Over the years it’s become a way of retaining Tūhoe unique culture for its youth which has been encouraged by compulsory items such as ‘Karanga, te whakatū waewae, wero, rau rākau, and mōteatea.
This festival aims is to grow new leaders. Organisers say by performing traditional art forms like the 'Wero' those dreams will be realised.
Tei Nohotima of Tūhoe says, “In Tūhoe, the leader that leads the group, tribe is the one that performs the wero, he has one path objective to lead his people.”
14 teams, all performing the traditional items of the Karanga, Wero, Te Whakatū waewae, rau rākau and the Mōteatea is compulsory but the age of the performer of the Wero and Karanga items must be between 18-30years old.

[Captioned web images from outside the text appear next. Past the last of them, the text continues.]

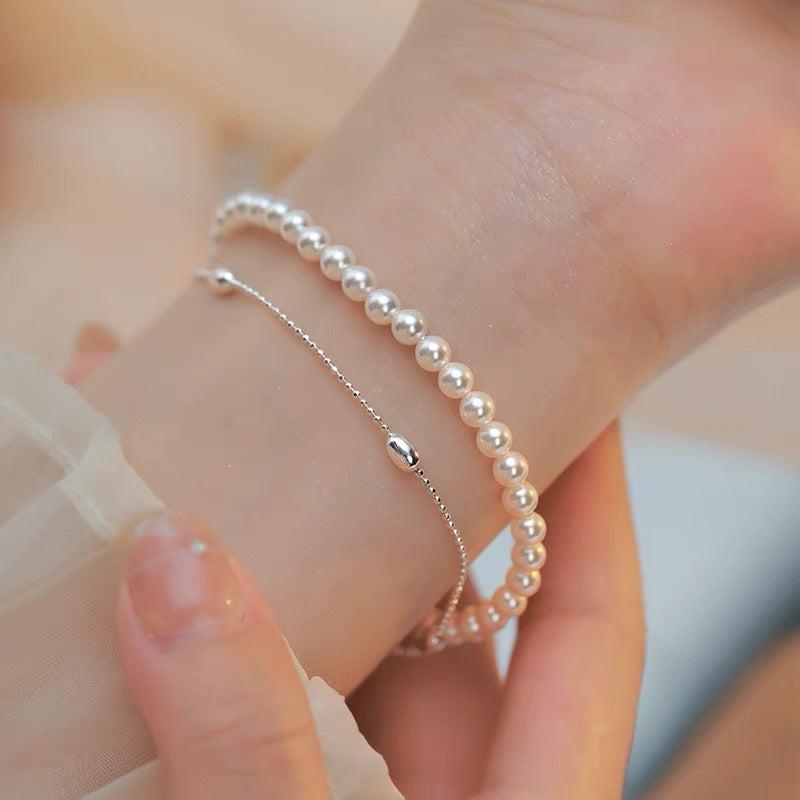 Women's Exquisite Sterling Sier Snake Bones Chain Ball Stitching Asymmetric Light Bracelet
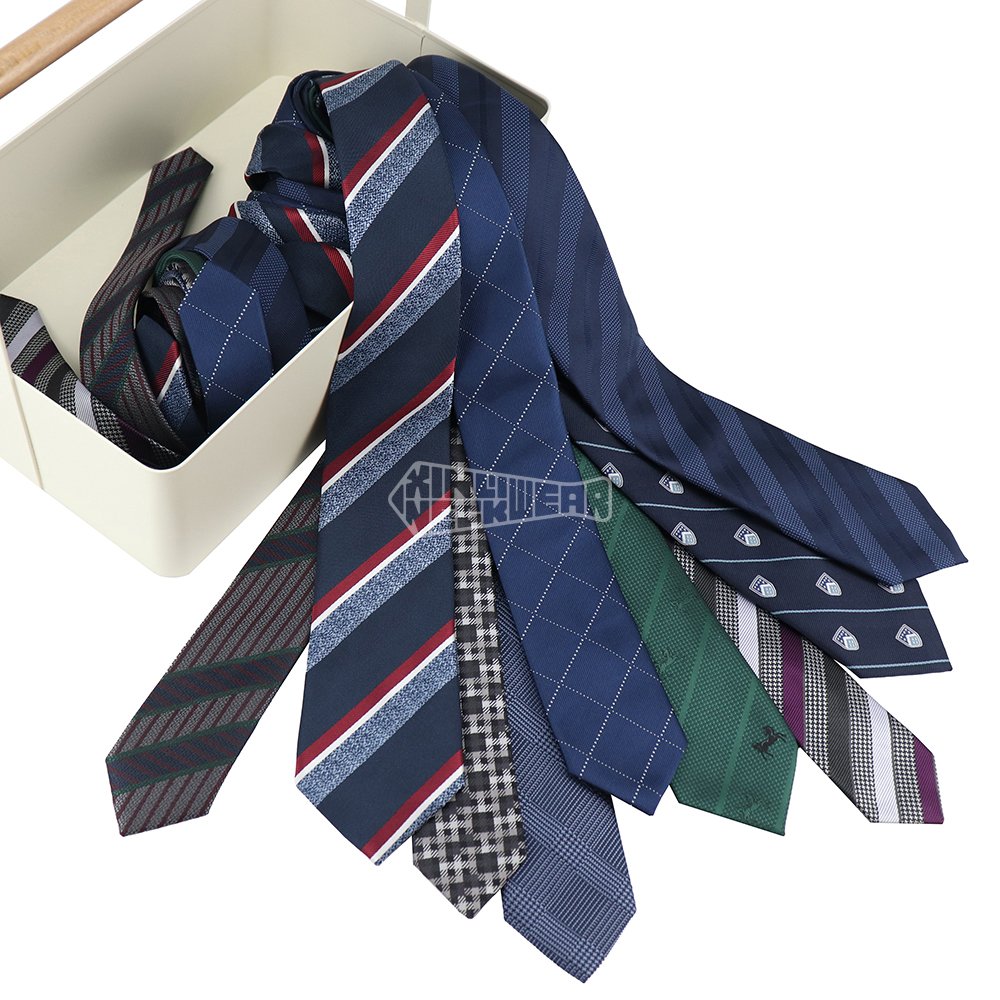 Glen Plaid Fleur De Lis Microfiber Ties Crown Necktie Exclusive Mens Skinny Tie Business Style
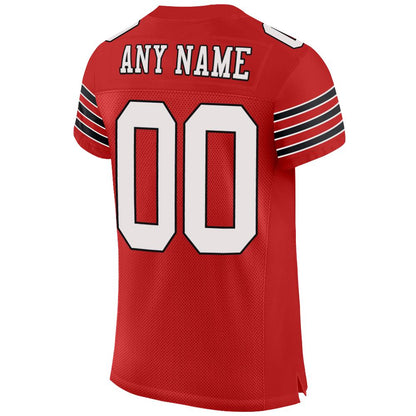 Custom Scarlet White-Black Mesh Authentic Football Jersey - Sky-Custom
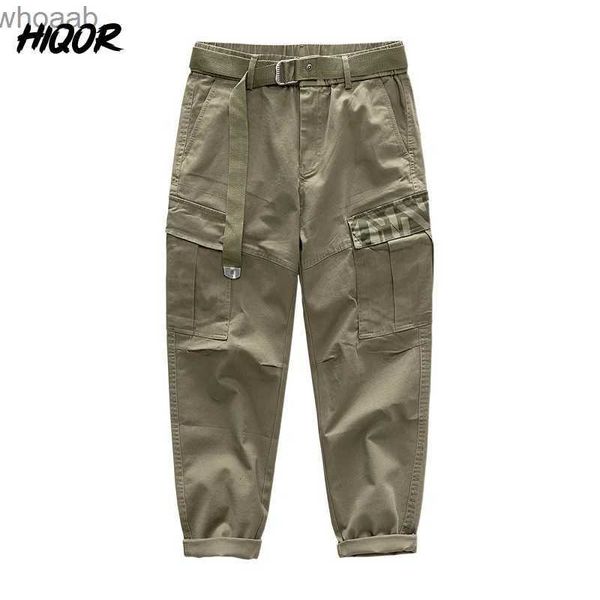 Calças masculinas hiqor cintura elástica roupas japão estilo casual carga 2023 harajuku novo vestir calças homem lavado vintage chinos calças yq231201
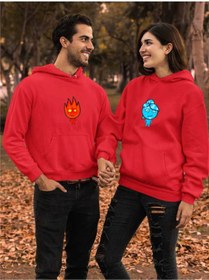 Resim NewCabin Yeni Sezon Yeni Yıla Özel Sevgili Kombini Kırmızı Renk Içi Polarlı 2'li Hoodie 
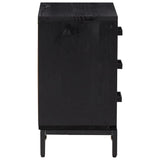 Bedside Cabinets 2 pcs Black 40x30x55 cm Solid Wood Pine - Rear View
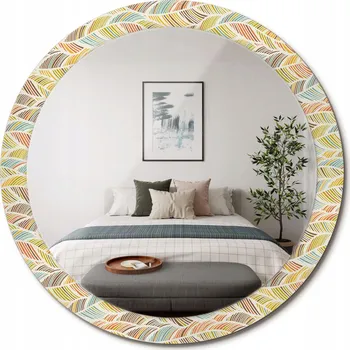 Zrcadlo Stylové kulaté zrcadlo na zeď s potiskem na skle Abstraktní průměr 90 cm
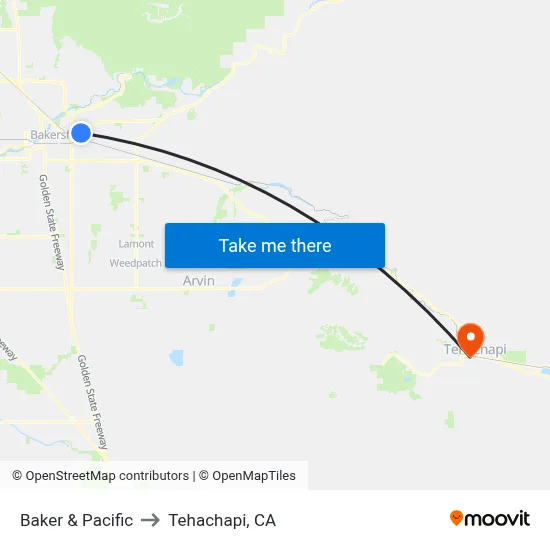 Baker & Pacific to Tehachapi, CA map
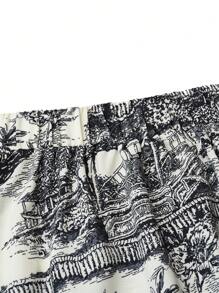 SHEIN Clasi 大码复古风景印花松紧腰半身裙 - 黑與白 - 查看 4
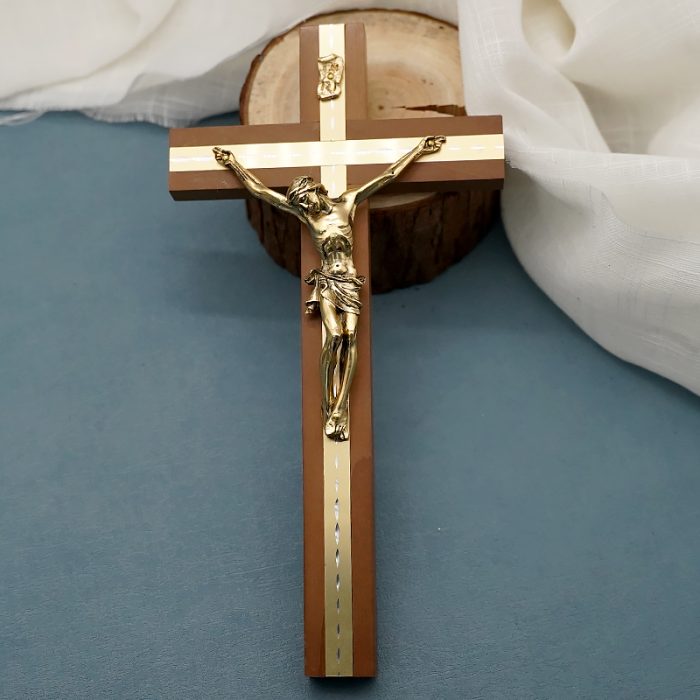 十字架-基督-胡桃木-25x13cm Catholic religious art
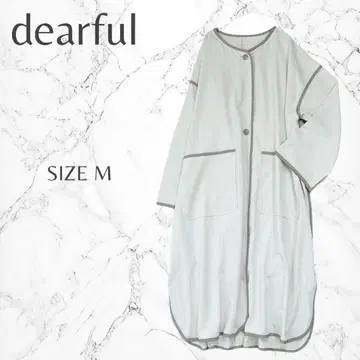 디어풀 여성스러운 노카라 파이핑 코트 M 사이즈 좋은 품질 여유로운 심플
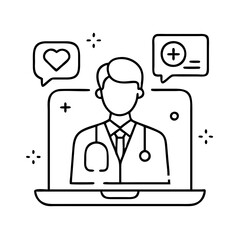 Online doctor consultation via laptop for telemedicine service, virtual health appointment and comprehensive digital medical care.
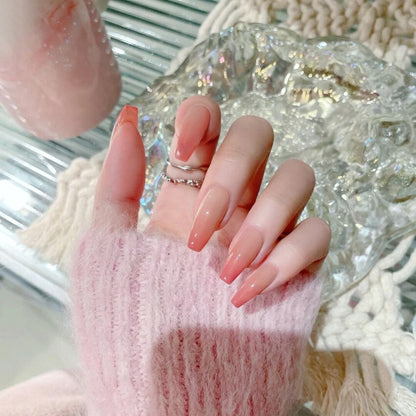 24Ps Childlike Fake Nails With Glue Cute Kawaii Personality Stick On Nails False Girls Short Press On Nail Art DIY Manicure Tool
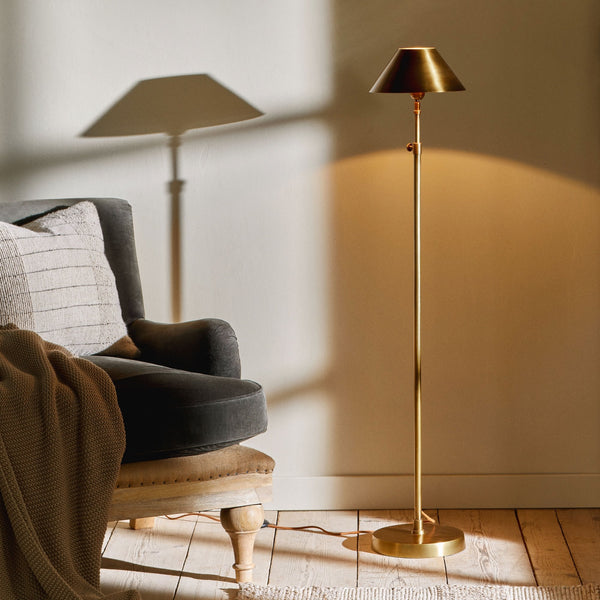 Lalua Adjustable Height Floor Lamp in Antique Brass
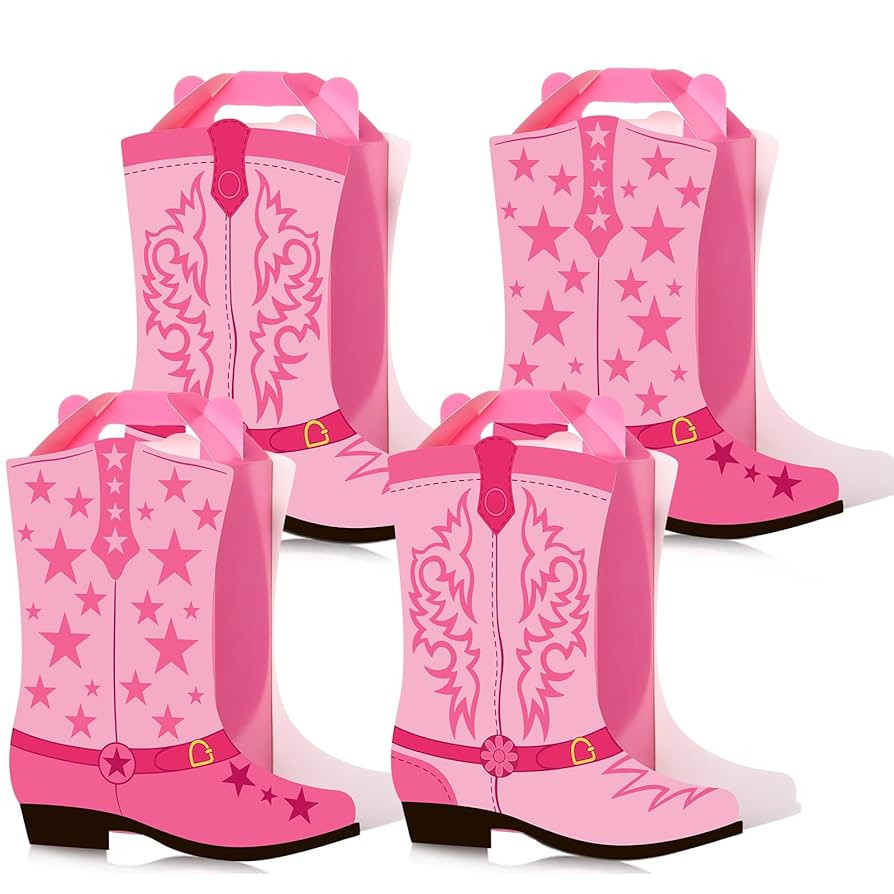 12 Pcs Cowboy Cowgirl Boots Party Favors Gift Boxes Western Party Decoration Treat Bags Wild West... | Amazon (US)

Tūhoe elder Himaima Kingi says, “The young performers are doing so well to retain their Tūhoetanga, say the correct words in their karanga, I'm very impressed and happy that they are performing these traditional items.”
This is the longest running tribal festival in NZ but what makes this event unique is the retention of these traditional items.
Ngatai Rangihau also says, “No matter where you go you have to take your traditional practices with you for Tūhoe this is important we spoke to the elders of this place and they supported our concept regarding our traditional practices.”
The team that wins the traditional items takes out the competition.